Sunday, July 31, 2011

Hashi Legs

The women here are held to a far higher standard of beauty than us Western girls. 90% of all ladies I see on a regular basis are tiptoeing around in 6 inch high stilettos or platforms, with perfect makeup and fake eyelashes at all hours of the day. They also have smaller waists, smoother skin and nicer legs. In short, the ladies in Japan are beautiful, especially in Tokyo.

There is a phrase here called "Hashi Legs," or "Chopstick Legs." It refers to the very common super-skinny girl leg that has zero fat on the upper thigh. "Stick straight," if you will. This look might appear anorexic on a white girl, but with the Japanese it's completely normal. That isn't to say anorexia isn't common here. An adult student of mine told me that it's actually a very common (yet ignored and therefore accepted) practice. So next time you see a pair of Hashi legs on the subway, fellow gaijins, take pause; that girl may be starving.

On a more upbeat and joyous note, I now have company in Japan! It's this guy;

Yes, that's a donut sticker on his face. He's possibly my favourite person in the whole world :)

We went to a crazy huge 6 story club in Tokyo on one of his first nights here. We stayed up all night and drank way too much with these people;

Taking a 2 hour train ride home at 6 a.m. after dancing all night is possibly one of the worst ideas I've ever had, but I'd do it again!

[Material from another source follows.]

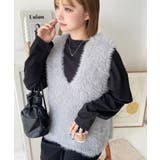 ラメフェザーVネックニットベスト | moment+ | 詳細画像13 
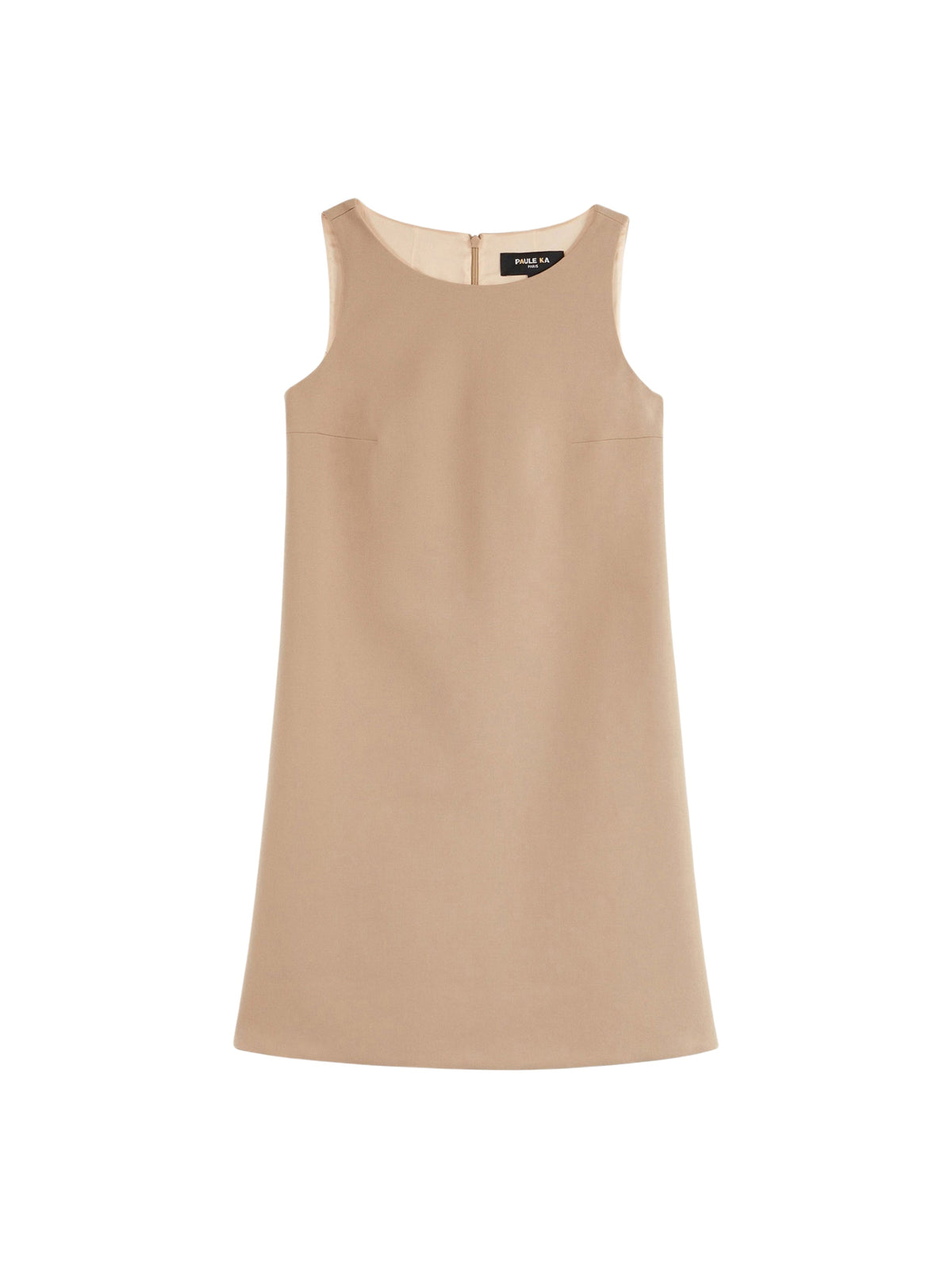 Sleeveless A-line dress - Beige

Don't push the children into the sewers, people! It's CLEARLY not okay, according to this sign. Or I'm reading it wrong, and it says that I SHOULD be pushing small children (with oversized hats) into the sewer... There's a lot of room for interpretation here!!!

FIRST OF ALL!!!!! (kanji kanji kanji kanji kanji) TABASCO!!!!!! I spent about 30 minutes trying to read the label of this bottle with a beer-soaked brain. Then I gave up because I realized that I was trying to read the instructions on a bottle of hot sauce and I felt silly.

This is the self-proclaimed EVOLUTION of the gym. If you read the bullet-points underneath, you will notice that the evolution of the gym includes ARM WRESTLING. At first I thought this was another hilarious English typo, but on further investigation I discovered that this is considered an ACTUAL SPORT. Sort of how table tennis and curling are sports, I suppose.

This hotel deals in class and elegance. They have demonstrated this by naming their hotel accordingly. SUAVE. It's where they keep the AWESOME.

There is a beautiful stone garden next to the train station by my apartment. Most of the statues are of anime characters and national icons, but there are a couple strange ones. Not sure why, but I decided to make out with one in particular;

And then there's this;
Enough said.

 Thank goodness I'm learning this language! This is the menu for an amazing gyoza (meat and veggie dumpling) place in Utsunomiya. With the minimal knowledge I now possess, I no longer have to play menu roulette!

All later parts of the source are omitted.